When Americans with Disabilities Act (ADA) experts planned a training session last year in Greenville for local governments and contractors, ADA trainer Sandy Hanebrink of Anderson booked space at Aloft Greenville Downtown — a brand-new hotel at the time.
Soon after Hanebrink arrived she discovered the new city garage that led to the hotel was inaccessible for people in a wheelchair. The garage’s height was too short: Instead of 8 feet, 2 inches, it was 7 feet tall. Some vans with wheelchair lifts need the extra foot of height. Also, Hanebrink, who is a quadriplegic, could not get from the parking space into the hotel because it was too steep.
Inside the hotel, she found other ADA problems, as well.
“We thought that because it was brand-new, surely it would have been compliant. But it wasn’t,” says Hanebrink, executive director of Touch the Future, an Anderson nonprofit that provides ADA training, consulting, and assistive technology for people with disabilities.
Hanebrink’s experience illustrates how tricky it can be for businesses to remain compliant with ADA, which is a civil rights law passed in 1990. Sometimes a business owner can renovate or construct a new building, designed by architects and built by contractors — all of whom are presumably knowledgeable about the law. The building could be inspected by coding officials and open for business, and all seems fine until someone calls or files a formal ADA complaint or lawsuit.
“All of a sudden, you could find it’s not compliant, three years from now when someone sues over an ADA violation that the architect signed off on and the code people passed. There are huge pitfalls in the system,” says Mike Teachey, lead facilitator of Greenville CAN, which advocates for people with disabilities.
It’s up to companies to make sure their buildings are ADA-compliant. The smartest thing they could do is visit ada.gov to educate themselves about the law, Teachey says. “And don’t just assume that because someone signed off on it that everything is okay.”
Local building code officials inspect buildings for code compliance, not for compliance with federal laws like the ADA, which is enforced by the U.S. Department of Justice, says Mark Teal, risk manager and ADA coordinator for the City of Greenville.
“One thing that has improved dramatically over the years is that building codes are 98 to 99 percent parallel to what ADA requirements are. So when buildings are inspected for building and code compliance, they are inspected for codes that mirror ADA requirements,” Teal says.
It’s not foolproof, as the city garage mistake demonstrates.
When Hanebrink contacted Aloft and the city over the garage’s accessibility problems, both parties sought to make corrections.
Although the garage was designed to be ADA compliant, some additional work was done to meet specifications, Teal says.
Aloft Downtown Greenville also quickly responded to Hanebrink’s feedback, including her observation that the hotel’s bar had no area low enough for someone in a wheelchair.
According to McKibbon Hospitality, which owns Aloft, the company takes ADA compliance very seriously.
“Unfortunately, there were some unforeseen compliance issues at Aloft Greenville Downtown that were identified right after the opening. Our team reacted quickly and corrected the discrepancies immediately,” said McKibbon Hospitality Vice President of Development Erik Rowen, who responded to questions via email.
The hotel’s ADA-compliant updates included adding a table at the end of the bar for wheelchair service.
Typically, ADA issues are resolved the way Hanebrink handled it. Someone knowledgeable about the ADA lets the business owner or city know of a problem, and the business or city official can fix it. Some people might file a formal complaint with the federal ADA office, and still others might file a lawsuit, but the latter is rare, Teal says.

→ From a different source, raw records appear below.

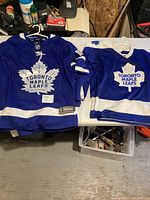 Both Toronto Maple Leafs jerseys hung on hangers on table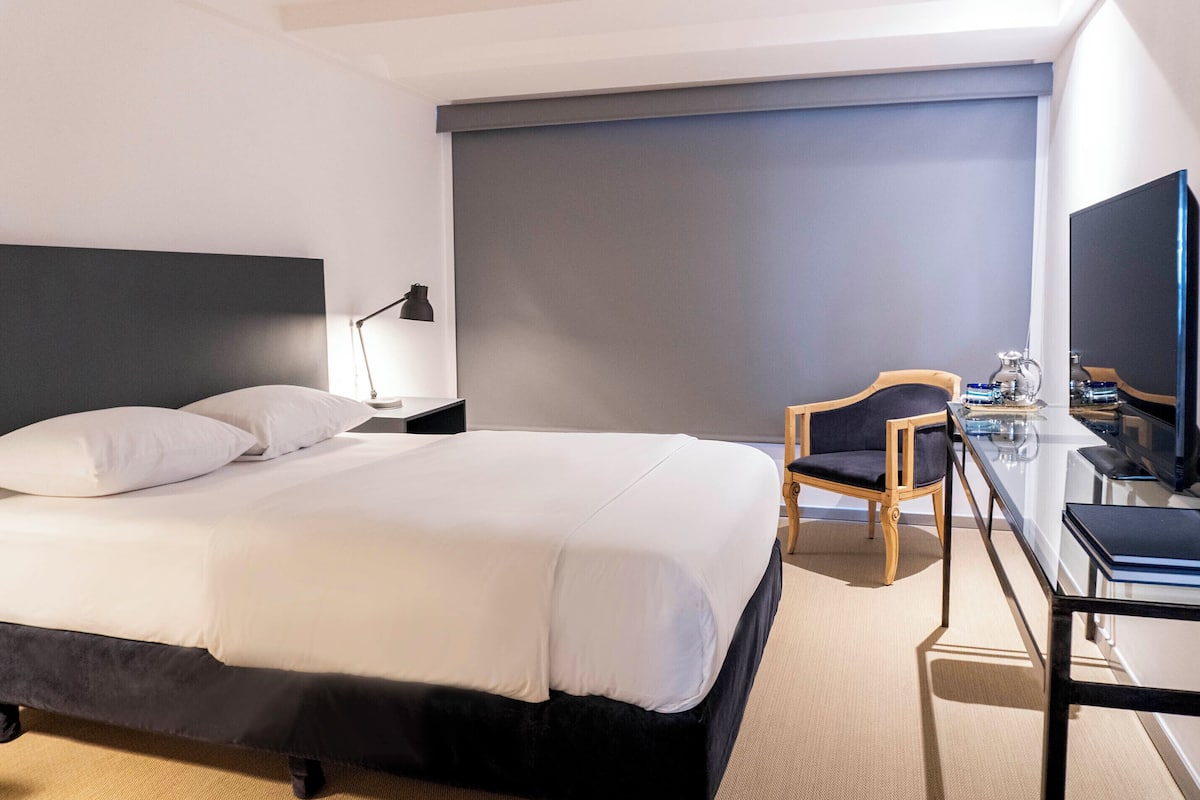 A hotel room with a bed, a desk, a chair, a lamp, and a television.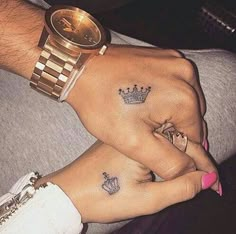 two people with matching tattoos on their hands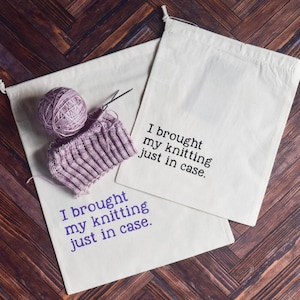 May include: Two off-white canvas bags with drawstring closures, each printed with the text "I brought my knitting just in case." A ball of lavender yarn and a partially knitted piece are next to one bag. The background is a wooden surface.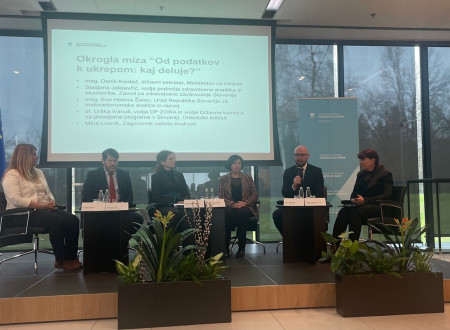 Udeleženci sedijo v polkrogu, za njimi diapozitiv z imeni udeležencev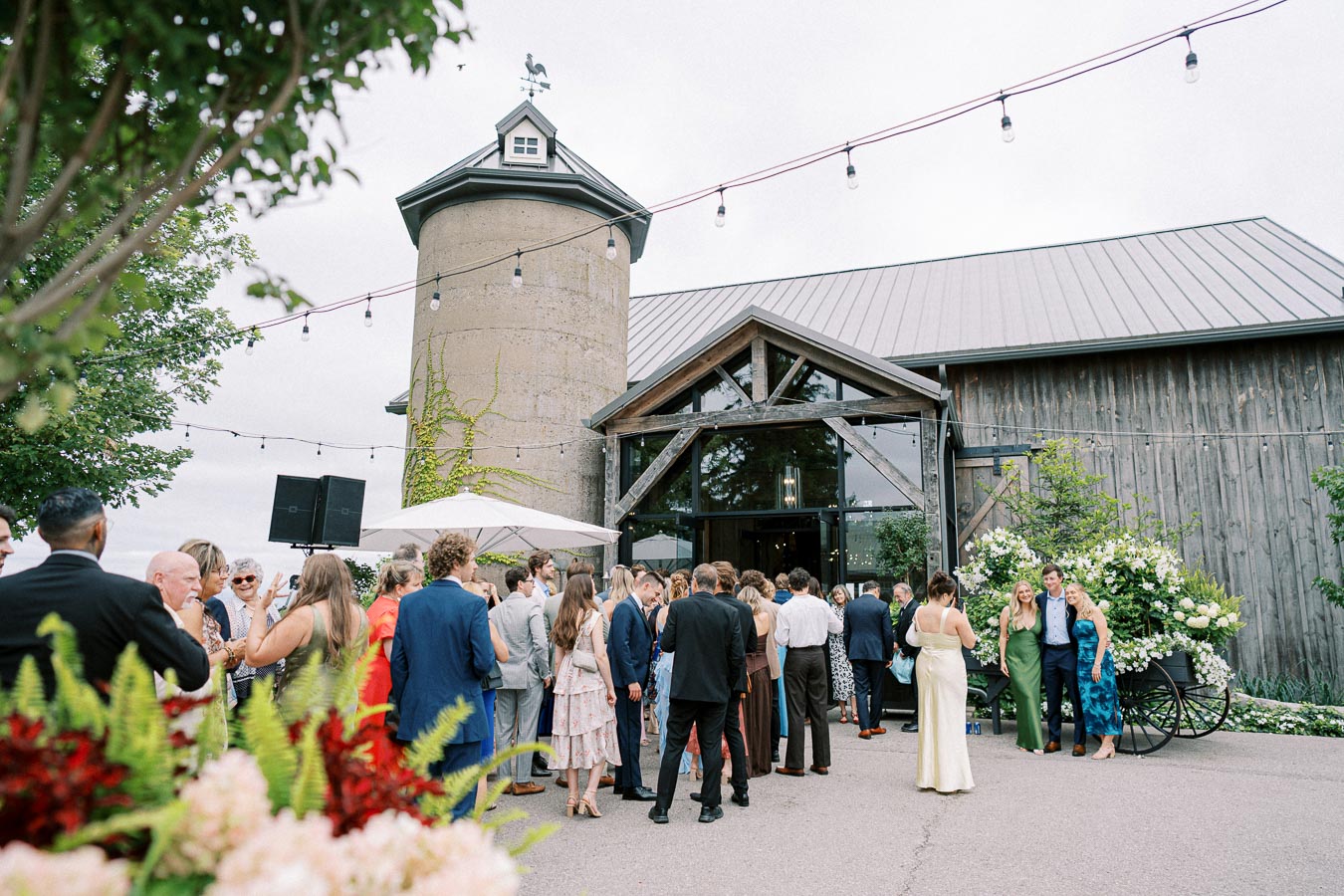 A lively wedding reception at a rustic barn venue, with elegantly dressed guests gathering outside, surrounded by vibrant greenery and flowers.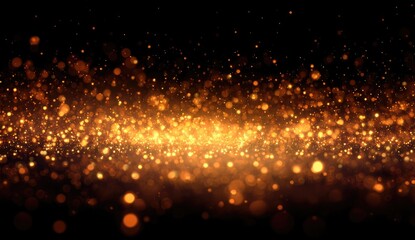 Obraz premium Golden glitter particles on black background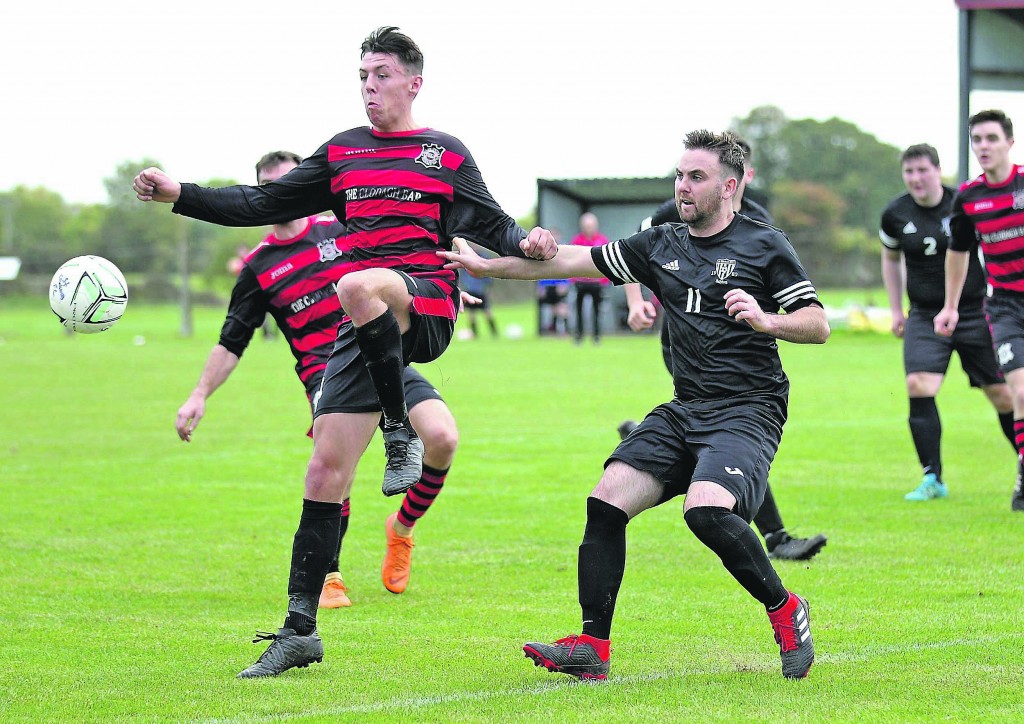 Portlaw’s Jordan Myler out in front of St.Saviour’s Stephen Dalton. O’Regan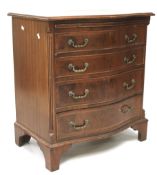 A 20th century mahogany serpentine chest of drawers.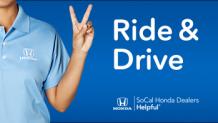 woman in blue collared shirt giving a peace sign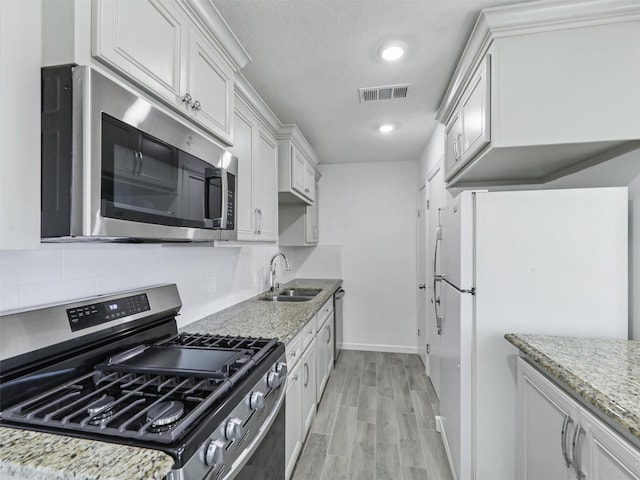 kitchen featuring sink, light stone counters, white cabinets, and stainless steel appliances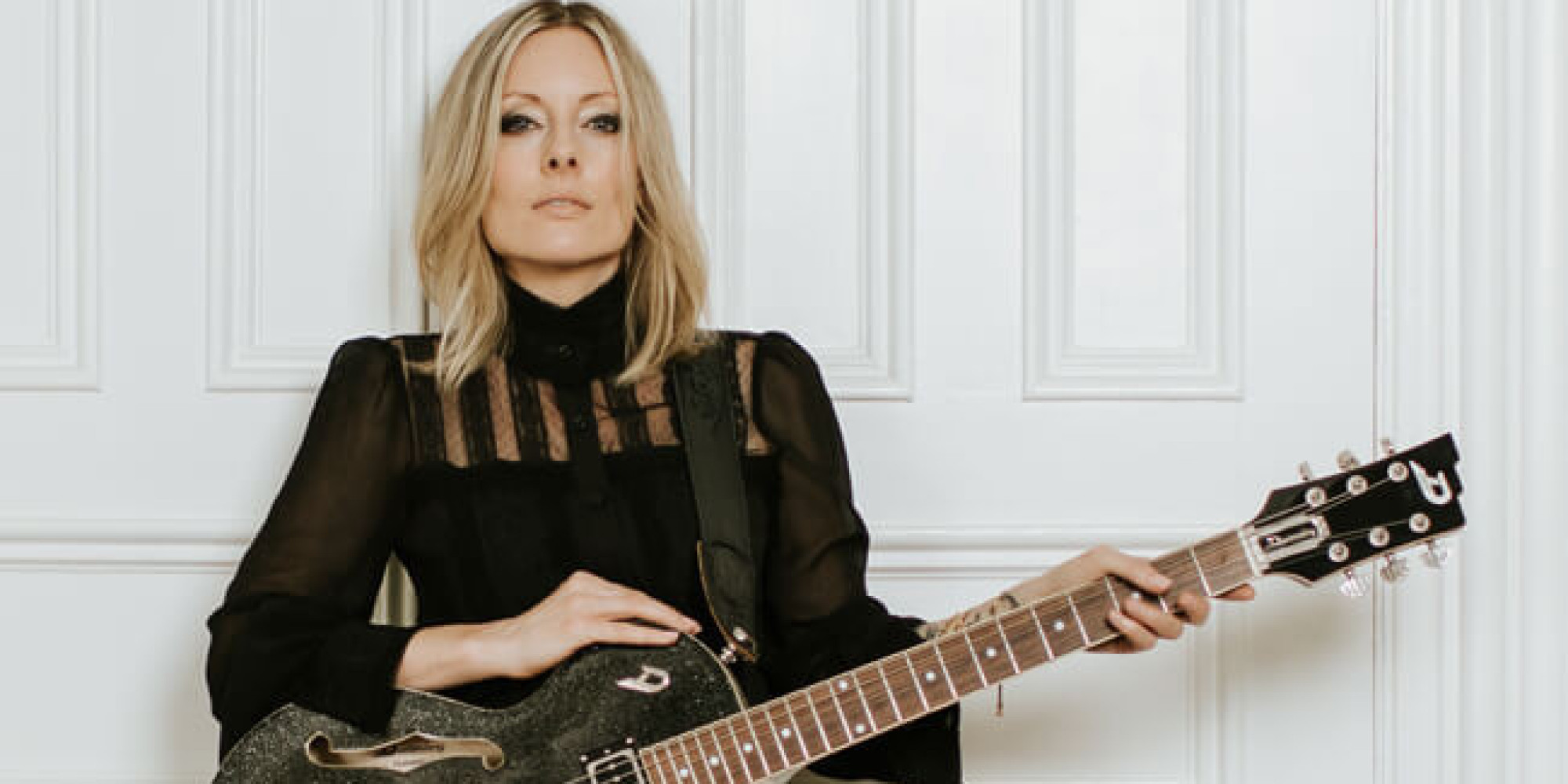 Christin Martin Deutschland Tournee Plakat für den 23.04.2026 im Schaukelpferd in Baiersbronn. Sie steht in schwarzen nSachen vor einer weißen Tür und hält eine schwarz braune E Gitarre in der Hand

“I have heard of no local lawsuits about ADA in the city in the last couple of years,” he says.
Business owners who are renovating old facilities or building new ones need to think about the long-term consequences of being non-ADA compliant, Hanebrink and Teachey say.
These include both risk of a lawsuit and the loss of business. And it’s the right thing to do, Hanebrink says.
“Businesses have an obligation to provide equal access to their goods and services to people with disabilities, and it’s not optional,” Hanebrink says. “I would think you’d want to include everyone in your community.”
There are tax credits for businesses to make properties accessible. And the cost of being compliant is less than the cost of handling an ADA lawsuit, she says.
While lawsuits are not common, they might increase as the ADA approaches its 30th anniversary. Many young adults are what Hanebrink calls the “ADA generation,” who have grown up with the law and who expect buildings and companies to be ADA-compliant. If they feel something is wrong, they’ll file a federal complaint or sue, she says.
“All of these ADA issues are ticking time bombs that you don’t know when or where they’ll go off,” Teachey says.
Plus, companies that increase accessibility benefit by expanding their customer base. “If you don’t make it accessible, there are customers who will never go into your business,” Teachey says.